| TASK |
Wherever the word "Wood" appears in a line of the data, that line should be copied.
━━━━━ MATERIALS PROVIDED ━━━━━
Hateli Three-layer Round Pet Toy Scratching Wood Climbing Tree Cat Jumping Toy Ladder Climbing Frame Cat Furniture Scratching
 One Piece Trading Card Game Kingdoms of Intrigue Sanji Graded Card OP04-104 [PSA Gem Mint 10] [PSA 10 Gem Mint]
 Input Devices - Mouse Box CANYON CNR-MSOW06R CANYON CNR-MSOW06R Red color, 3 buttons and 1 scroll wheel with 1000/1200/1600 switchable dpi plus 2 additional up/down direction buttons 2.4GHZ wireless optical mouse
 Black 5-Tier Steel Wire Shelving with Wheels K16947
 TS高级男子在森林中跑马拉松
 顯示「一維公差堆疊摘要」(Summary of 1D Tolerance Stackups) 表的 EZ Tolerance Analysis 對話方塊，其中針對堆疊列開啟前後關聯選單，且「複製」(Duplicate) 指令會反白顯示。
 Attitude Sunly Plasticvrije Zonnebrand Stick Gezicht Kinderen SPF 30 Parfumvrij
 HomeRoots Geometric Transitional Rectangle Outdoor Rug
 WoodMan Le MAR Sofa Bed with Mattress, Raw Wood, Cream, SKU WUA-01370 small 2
━━━━━
| TASK SOLUTION |
Hateli Three-layer Round Pet Toy Scratching Wood Climbing Tree Cat Jumping Toy Ladder Climbing Frame Cat Furniture Scratching
 WoodMan Le MAR Sofa Bed with Mattress, Raw Wood, Cream, SKU WUA-01370 small 2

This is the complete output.